BM25Retriever

class BM25Retriever(BaseRetriever):

An implementation of the BaseRetriever using the BM25 model.

This class facilitates the retriever of relevant information using a query-based approach, it ranks documents based on the occurrence and frequency of the query terms.

Attributes: bm25 (BM25Okapi): An instance of the BM25Okapi class used for calculating document scores. content_input_path (str): The path to the content that has been processed and stored. unstructured_modules (UnstructuredIO): A module for parsing files and URLs and chunking content based on specified parameters.

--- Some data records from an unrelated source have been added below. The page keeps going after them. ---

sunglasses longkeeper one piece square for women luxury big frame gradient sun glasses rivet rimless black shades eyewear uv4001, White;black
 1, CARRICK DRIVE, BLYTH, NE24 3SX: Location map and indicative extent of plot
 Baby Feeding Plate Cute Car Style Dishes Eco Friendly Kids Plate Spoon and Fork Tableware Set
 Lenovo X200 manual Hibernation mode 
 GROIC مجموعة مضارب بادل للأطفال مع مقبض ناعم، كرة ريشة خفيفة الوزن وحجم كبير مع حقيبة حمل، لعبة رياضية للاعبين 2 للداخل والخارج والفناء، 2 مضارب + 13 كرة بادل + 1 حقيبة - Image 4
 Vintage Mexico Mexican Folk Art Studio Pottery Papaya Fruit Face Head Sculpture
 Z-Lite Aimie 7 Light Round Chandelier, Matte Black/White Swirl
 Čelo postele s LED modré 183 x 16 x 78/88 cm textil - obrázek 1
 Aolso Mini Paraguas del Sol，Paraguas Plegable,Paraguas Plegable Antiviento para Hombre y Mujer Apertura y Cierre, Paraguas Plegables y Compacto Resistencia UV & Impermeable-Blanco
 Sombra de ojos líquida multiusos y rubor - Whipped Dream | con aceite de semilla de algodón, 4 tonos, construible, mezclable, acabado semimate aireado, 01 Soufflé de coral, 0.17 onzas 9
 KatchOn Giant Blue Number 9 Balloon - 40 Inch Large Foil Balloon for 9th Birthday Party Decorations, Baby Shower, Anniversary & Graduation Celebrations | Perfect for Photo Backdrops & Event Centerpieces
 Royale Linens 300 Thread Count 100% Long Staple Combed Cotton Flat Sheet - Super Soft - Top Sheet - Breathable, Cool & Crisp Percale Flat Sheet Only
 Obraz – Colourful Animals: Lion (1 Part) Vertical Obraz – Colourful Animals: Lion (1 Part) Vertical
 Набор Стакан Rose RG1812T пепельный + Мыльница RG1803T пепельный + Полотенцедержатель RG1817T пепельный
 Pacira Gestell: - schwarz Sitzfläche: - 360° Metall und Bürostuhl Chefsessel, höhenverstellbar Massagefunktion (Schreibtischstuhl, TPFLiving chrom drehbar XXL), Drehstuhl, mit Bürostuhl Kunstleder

References: https://github.com/dorianbrown/rank_bm25

init

def __init__(self):

Initializes the BM25Retriever.

process

def process(
    self,
    content_input_path: str,
    chunk_type: str = 'chunk_by_title',
    **kwargs: Any
):

Processes content from a file or URL, divides it into chunks by using Unstructured IO,then stored internally. This method must be called before executing queries with the retriever.

Parameters:

  • content_input_path (str): File path or URL of the content to be processed.
  • chunk_type (str): Type of chunking going to apply. Defaults to “chunk_by_title”. **kwargs (Any): Additional keyword arguments for content parsing.

query

def query(self, query: str, top_k: int = DEFAULT_TOP_K_RESULTS):

Executes a query and compiles the results.

Parameters:

  • query (str): Query string for information retriever.
  • top_k (int, optional): The number of top results to return during retriever. Must be a positive integer. Defaults to DEFAULT_TOP_K_RESULTS.

Returns:

List[Dict[str]]: Concatenated list of the query results.